Radiographs were taken in anteroposterior (AP) view with pelvic orthostasis and in the flamingo position (AP radiographs of the pubic symphysis with alternating monopodal support) (►Fig. 1). The AP view evaluated signs related to hip impingement (rounding of the junction the femoral head and neck, coxa profunda, acetabular protrusion, acetabular retroversion, and secondary signs such as synovial inclusion cyst, labral ossification, and acetabuli, in addition to classic signs of arthrosis) and alterations in the sacroiliac joints (subchondral sclerosis or erosions, diastasis, reduction of the joint spaces, or ankylosis). Radiographs in the flamingo position were performed to analyze the vertical instability of the pubic symphysis. The height difference between the pubic rami at the AP view was measured by tracing lines parallel to each pubic ramus, which, in turn, were perpendicular to the sacrum, and then determining the distance between them. Next, the same procedure was performed in monopodal views. The sum of the 2 heights, minus the base (already present in the AP view), was the total translation, considered abnormal if > 5.0 mm, according to Garras et al21 (► Fig. 2). The analysis of each change was dichotomized (“absent” or “present”).

Ultrasound examinations were performed with a linear transducer of between 9 and 13 MHz. First, the pubic rami were identified in the axial plane. Next, the common aponeurosis of the rectus abdominus/adductor longus muscles was analyzed in the sagittal plane, at rest, and under dynamic maneuver (the patient was asked to stay in a semi-seated position, as if in an abdominal exercise). An injury was defined by the finding of aponeurosis thickening and a focal anechoic area (►Fig. 3). Then, the deep inguinal ring was located. Sports hernia or inguinal canal posterior wall deficiency was diagnosed by an increase in the sectional area of the inguinal canal during the Valsalva maneuver compared with rest, as described by Orchard et al18 (► Fig. 4). An inguinal hernia was defined by the protrusion of fat and/or an intestinal loop through the deep inguinal ring or by a defect in the transverse fascia of the posterior wall of the inguinal canal.
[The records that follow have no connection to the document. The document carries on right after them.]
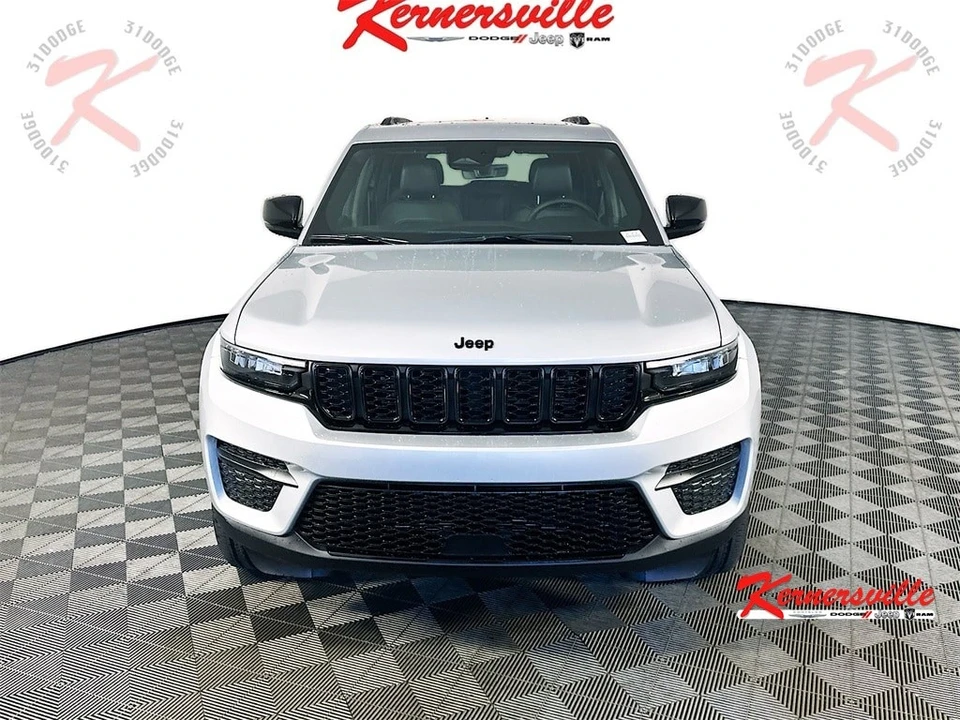 2025 Jeep WL Grand Cherokee - Image 2 of 12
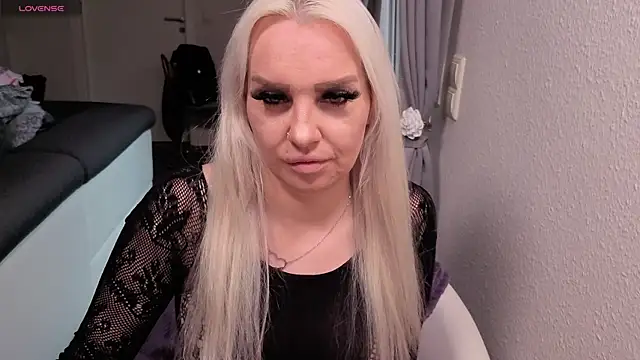 Snapshot of MIA-XXX chatting on 1, 7, 2026 MIA-XXX online show from 1, 7, 2026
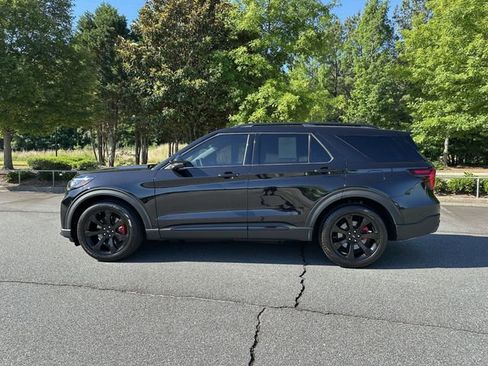 Used 2025 Ford Explorer ST w/ Sun And Sound Package AWD/4WD image 6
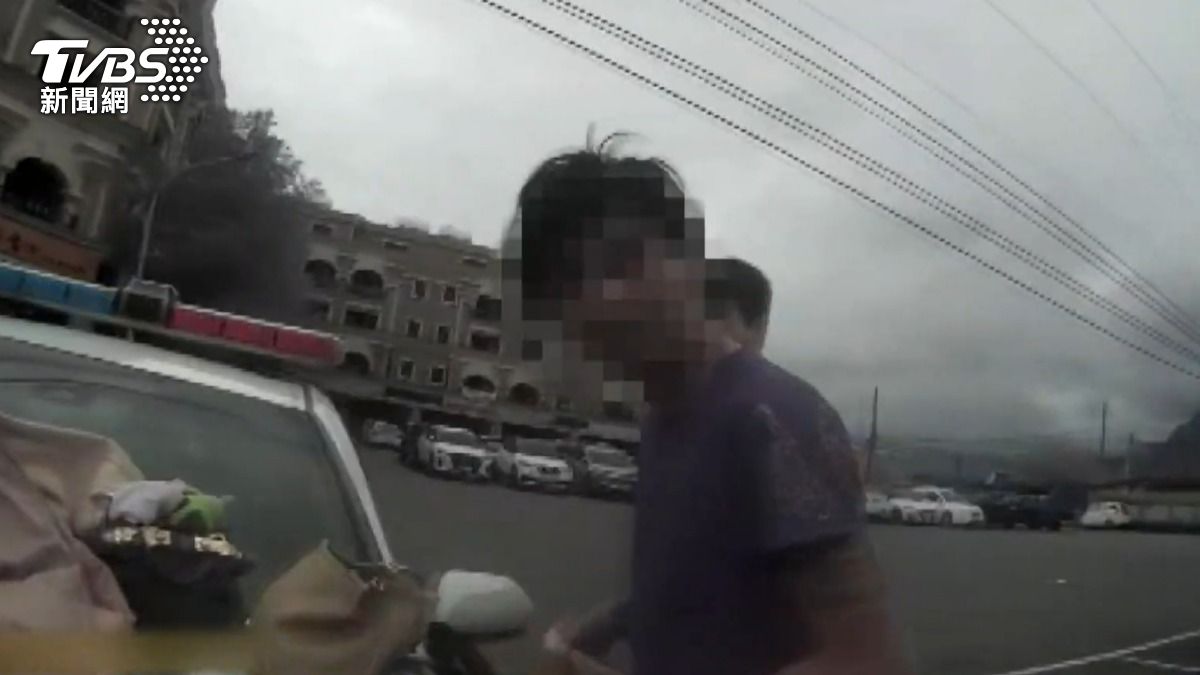 帶妻小赴宜蘭坐過站又沒錢 他隨機找車睡還搶雜貨店2千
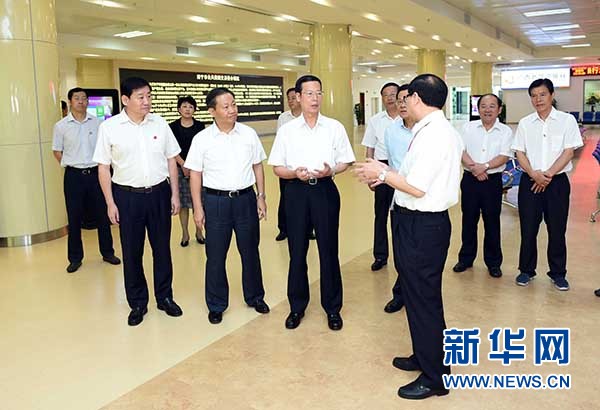9月16日至18日，中共中央政治局常委、國務(wù)院副總理張高麗在廣西調(diào)研。這是9月17日，張高麗在南寧市公共資源交易中心對外服務(wù)大廳了解自治區(qū)簡政放權(quán)有關(guān)工作。 新華社記者張鐸攝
The evaluator graded the presence of inguinal hernias, of sports hernias, and of aponeurosis lesions from 1 to 5, in which 1 was “totally absent”, and 5 was “fully present”. Next, the analysis was dichotomized (scores 1 to 3 were considered “absent”, and 4 and 5 were considered “present”).

Magnetic resonance imaging was performed with 2 1.5 T magnets: a Siemens Aera 1.5 scanner (Siemens Healthcare, Erlangen, Germany) and a Signa HDx 1.5T scanner (General Electric Medical Systems, Chicago, USA), and surface coils centered on the pubic symphysis. ►Table 1 summarizes the employed protocol.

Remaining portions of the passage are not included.